What can a cyclist do on a rest day? Write a blog post... So I'm on a complete rest day on account of I had my first crash yesterday. And am I feeling some pain today? Yes, I would be lying if I said I wasn't. Is it worse than my monthly menstral cramps? No. I am a bit sad that I won't have foxy arms & legs for halloween, but if it still looks gnarly I can dress up as a crash victim zombie and get some fake blood.

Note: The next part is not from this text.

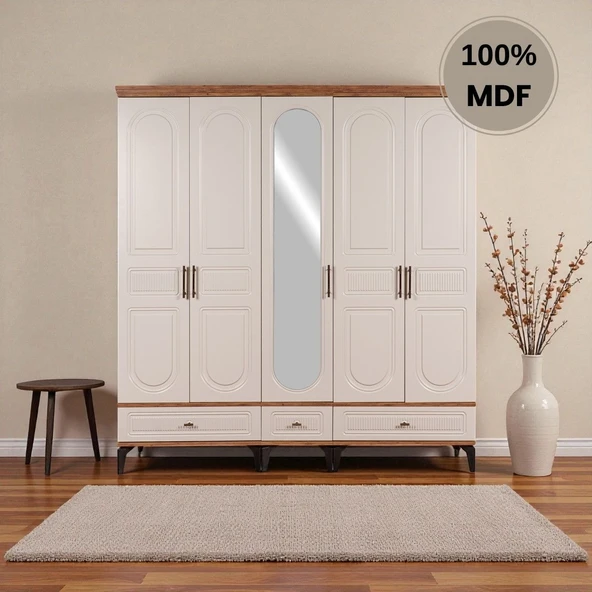 comiet Slope 5 kapaklı MDF ayaklı tasarım country gardırop - Resim 2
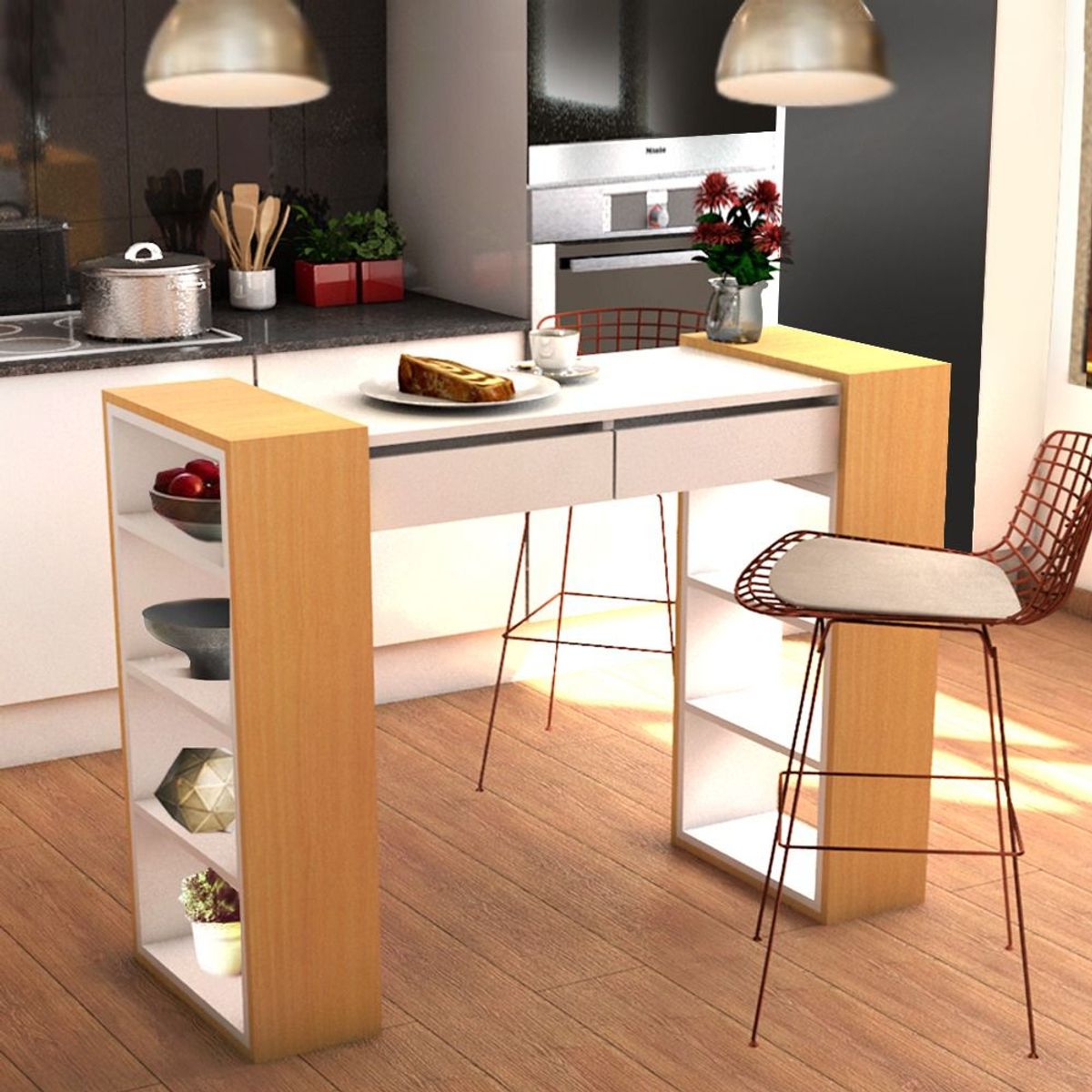 TU MESITA - Mesa Desayunador Bahía BlancoDuna 120 cm TU MESITA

What happened? Well I'm still not sure, crashes happen really fast. What's going through my mind right now is (1) I ran 10 miles the day before and didn't get more than 5 hours sleep two nights in a row and worked long hours all week and I have slow reflexes even on a good day and therefore the bottom line is that I messed up (2) I got new tires and new brakes and this was my first ride after two major mechanical changes to my vehicle so the bike was to blame. The sweethearts I ride with keep offering to take the blame for me going down, but I'm just glad that I didn't take anyone else out. There is no ride worth going on if you injure yourself or someone else. I should have taken it easier that day.
What are my goals? Why put my body through this torture? What am I proving? And to whom? All these are great questions. The truth is that I don't know. I know I'm doing what feels good and right now I am training heavily. I enjoy the views and the outdoors and it brings me a warm and fuzzy feeling that lasts about a day-and-a-half. Which is coincidentially about as long as it takes for the pain from the exertion to fully hit my muscles. About the fourth day without a workout, I start to twitch and feel a pain in my muscles from not doing anything. If I go five or more days, I start to get really crabby at work and at home.
I just read a great article about how exercise can raise the baseline levels of both norepinephrine and dopamine. I think that's what I'm benefiting from. I know that without it I'm suffering. Everyone around me sees it, but I must endure. Luckily the cycling helps.